In a presentation made to the finance ministry, the body had explained the nature of problems being faced by tax filers during the filing process. They included not receiving any OTP, user-interface-related issues, like missing dropdown menus, missing buttons and notifications, loss of stakeholder data from the database and digital signature mapping among others.
Professionals say that each financial year is a new challenge with the e-filing portal. Once the previous set of challenges gets resolved, a new set of problems crops up. The utility software that the government developed has not been provided with the basic infrastructure necessary to run it smoothly. Former revenue secretary Hasmukh Adhia had promised that the utility software would be provided every year on April 1. After his term ended, the incumbent did not fulfill the promise, says Hardik Kakadiya, vice-president of CAAS.
“In previous years, it was a problem with the GST portal. Then, last year, the time period granted for filing audits was less compared to the amount of work that needed to be done. It requires time to prepare documents,” Kakadiya added.
Chartered accountants had flagged to the ministry that according to the statutory guidelines, the time period provided for audits was not adequate. They had asked for changes in the law in order to provide time in keeping with the workload. “Once the filing became paperless, processing at the government end has become faster. We asked that that benefit should be passed on to tax professionals too,” Kakadiya says.
Chartered accountants claim that in the past when the forms were simple, the Income Tax Department allowed returns to be filed till October 31. But, with complicated forms, changes in the technology and the government’s insistence on faster processing, chartered accountants feel they need more time for each category and expect the government to introduce amendments in the Income Tax Act.
The government-CA face-off is not new. On the foundation day of the Institute of Chartered Accountants of India (ICAI) in 2017, Prime Minister Narendra Modi had criticized the body’s record in taking disciplinary action against rogue CAs. Commerce and industries minister Piyush Goyal had said in November last year that CAs needed to introspect in order to revive credibility of the profession.
“There is tremendous pressure on these bodies from the government. Last year, there was a backlash from the professionals on Twitter, where they spoke up against the government.

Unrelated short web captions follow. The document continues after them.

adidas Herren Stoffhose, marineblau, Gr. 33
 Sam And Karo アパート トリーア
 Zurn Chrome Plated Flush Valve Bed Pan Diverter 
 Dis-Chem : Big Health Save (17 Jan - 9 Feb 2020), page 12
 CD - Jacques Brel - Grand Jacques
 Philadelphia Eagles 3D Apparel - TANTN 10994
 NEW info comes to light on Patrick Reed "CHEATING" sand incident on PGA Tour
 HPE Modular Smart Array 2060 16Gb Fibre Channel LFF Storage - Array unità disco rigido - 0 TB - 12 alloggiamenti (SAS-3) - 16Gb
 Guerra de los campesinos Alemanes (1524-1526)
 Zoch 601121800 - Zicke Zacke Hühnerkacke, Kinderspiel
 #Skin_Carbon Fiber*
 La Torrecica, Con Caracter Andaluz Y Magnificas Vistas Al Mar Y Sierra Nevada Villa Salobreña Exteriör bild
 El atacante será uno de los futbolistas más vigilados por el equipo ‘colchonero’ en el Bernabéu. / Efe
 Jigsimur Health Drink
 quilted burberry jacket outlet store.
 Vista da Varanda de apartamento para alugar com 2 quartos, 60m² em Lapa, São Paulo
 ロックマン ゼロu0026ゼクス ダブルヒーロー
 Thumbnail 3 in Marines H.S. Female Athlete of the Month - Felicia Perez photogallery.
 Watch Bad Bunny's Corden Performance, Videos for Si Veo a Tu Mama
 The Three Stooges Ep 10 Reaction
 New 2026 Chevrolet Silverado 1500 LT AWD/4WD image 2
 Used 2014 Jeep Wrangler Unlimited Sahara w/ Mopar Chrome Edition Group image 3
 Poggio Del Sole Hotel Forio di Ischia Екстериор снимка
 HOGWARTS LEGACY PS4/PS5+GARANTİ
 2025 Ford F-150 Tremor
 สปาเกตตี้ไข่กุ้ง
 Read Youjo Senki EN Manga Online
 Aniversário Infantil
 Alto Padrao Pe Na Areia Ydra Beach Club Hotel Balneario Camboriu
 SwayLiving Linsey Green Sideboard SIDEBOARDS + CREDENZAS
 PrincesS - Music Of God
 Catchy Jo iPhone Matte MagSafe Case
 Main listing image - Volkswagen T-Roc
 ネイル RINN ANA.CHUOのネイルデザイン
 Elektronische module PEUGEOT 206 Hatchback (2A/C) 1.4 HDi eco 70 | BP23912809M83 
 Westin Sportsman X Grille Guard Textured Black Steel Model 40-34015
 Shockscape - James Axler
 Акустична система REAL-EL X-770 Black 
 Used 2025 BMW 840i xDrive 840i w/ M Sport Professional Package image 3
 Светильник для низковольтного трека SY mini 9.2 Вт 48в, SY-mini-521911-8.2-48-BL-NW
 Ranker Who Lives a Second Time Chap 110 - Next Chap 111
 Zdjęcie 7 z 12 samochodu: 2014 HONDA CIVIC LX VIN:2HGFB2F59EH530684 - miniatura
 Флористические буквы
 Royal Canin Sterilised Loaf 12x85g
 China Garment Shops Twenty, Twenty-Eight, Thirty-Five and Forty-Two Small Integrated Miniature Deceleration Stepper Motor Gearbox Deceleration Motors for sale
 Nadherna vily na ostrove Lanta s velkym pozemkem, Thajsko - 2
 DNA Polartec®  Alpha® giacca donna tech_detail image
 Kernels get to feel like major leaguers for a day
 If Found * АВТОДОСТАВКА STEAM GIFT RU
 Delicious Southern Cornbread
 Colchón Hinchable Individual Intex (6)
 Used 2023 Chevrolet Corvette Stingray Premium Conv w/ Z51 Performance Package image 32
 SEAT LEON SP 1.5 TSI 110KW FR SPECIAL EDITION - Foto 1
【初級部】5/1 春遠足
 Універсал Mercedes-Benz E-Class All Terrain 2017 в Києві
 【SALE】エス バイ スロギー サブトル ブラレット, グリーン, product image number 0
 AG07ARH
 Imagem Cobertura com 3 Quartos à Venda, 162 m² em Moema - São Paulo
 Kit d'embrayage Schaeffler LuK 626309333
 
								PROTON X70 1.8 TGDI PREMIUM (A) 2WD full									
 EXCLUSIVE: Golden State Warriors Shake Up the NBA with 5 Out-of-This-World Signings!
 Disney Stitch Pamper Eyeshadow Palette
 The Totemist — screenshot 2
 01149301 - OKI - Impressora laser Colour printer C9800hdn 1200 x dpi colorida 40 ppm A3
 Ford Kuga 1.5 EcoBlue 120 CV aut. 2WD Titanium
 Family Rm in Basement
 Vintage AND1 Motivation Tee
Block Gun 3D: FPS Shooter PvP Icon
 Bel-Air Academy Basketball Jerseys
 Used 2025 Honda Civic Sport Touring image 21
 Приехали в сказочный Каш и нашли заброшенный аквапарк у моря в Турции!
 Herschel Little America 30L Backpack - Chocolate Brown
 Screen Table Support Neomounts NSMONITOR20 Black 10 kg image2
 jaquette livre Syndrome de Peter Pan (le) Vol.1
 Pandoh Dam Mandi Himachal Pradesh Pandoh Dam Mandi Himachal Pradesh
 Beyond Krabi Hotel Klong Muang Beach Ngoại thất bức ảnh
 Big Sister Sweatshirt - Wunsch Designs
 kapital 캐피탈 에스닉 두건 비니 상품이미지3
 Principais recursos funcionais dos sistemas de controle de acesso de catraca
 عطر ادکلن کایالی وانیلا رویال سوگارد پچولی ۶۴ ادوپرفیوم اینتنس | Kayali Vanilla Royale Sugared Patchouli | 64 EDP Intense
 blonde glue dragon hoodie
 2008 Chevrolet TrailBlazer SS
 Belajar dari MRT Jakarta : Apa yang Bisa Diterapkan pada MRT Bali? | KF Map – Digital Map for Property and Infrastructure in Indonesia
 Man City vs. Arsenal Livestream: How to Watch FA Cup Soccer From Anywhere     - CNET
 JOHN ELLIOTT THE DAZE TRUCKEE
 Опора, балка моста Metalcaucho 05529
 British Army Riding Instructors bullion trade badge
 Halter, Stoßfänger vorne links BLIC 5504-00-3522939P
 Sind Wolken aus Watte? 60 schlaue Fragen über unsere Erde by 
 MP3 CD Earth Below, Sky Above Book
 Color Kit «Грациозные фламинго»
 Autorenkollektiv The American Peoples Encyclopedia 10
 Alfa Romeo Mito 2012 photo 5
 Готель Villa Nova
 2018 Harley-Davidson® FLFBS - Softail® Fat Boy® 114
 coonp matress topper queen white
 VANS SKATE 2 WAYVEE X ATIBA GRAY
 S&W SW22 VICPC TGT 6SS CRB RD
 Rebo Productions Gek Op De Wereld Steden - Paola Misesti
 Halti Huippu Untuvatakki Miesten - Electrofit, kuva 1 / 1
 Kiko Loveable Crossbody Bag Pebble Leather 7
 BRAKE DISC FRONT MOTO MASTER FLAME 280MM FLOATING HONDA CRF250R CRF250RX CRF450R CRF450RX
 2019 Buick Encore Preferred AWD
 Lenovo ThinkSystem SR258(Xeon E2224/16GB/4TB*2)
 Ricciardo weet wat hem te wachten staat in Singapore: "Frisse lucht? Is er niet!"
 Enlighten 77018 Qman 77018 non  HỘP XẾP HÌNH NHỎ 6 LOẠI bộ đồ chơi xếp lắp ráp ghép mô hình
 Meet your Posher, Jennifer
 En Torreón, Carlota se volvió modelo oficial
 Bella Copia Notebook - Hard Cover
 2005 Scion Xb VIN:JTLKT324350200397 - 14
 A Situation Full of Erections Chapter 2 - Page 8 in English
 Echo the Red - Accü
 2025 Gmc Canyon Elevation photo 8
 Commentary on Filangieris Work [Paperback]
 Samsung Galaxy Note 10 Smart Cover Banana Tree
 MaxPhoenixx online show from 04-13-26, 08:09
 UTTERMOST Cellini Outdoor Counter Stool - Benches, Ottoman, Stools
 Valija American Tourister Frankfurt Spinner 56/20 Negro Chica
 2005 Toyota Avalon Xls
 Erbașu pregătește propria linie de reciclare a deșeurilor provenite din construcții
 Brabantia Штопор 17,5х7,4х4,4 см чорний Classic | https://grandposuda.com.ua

This forced the ICAI and the ICSI [Institute of Company Secretaries of India] to come up with an advisory to its members to not speak out publicly. The ICAI has surprisingly not given any representation regarding the extension of due dates,” the company secretary quoted earlier in the story said.
Facing the backlash, the government extended the deadline for corporates to file income tax returns for the financial year 2020-2021, or assessment year 2021-2022, till March 15. The deadline to file tax audit report and transfer pricing audit report for FY21 too has been extended till February 15.
Corporate heads find it tough to handle the constantly changing guidelines of compliance. The Companies Act has undergone changes at least three to four times in the last few years. Company professionals say that in the last three to four years, there have been roughly more than 600 circulars on the website of the Ministry of Corporate Affairs.
Most of these changes are carried out through Parliamentary processes and not through dedicated executive orders, which entail officers to come up with circulars of the notifications. For professionals, these kinds of frequent changes, they say, cause uncertainty while working. “You never know which rule comes into force when,” they claim.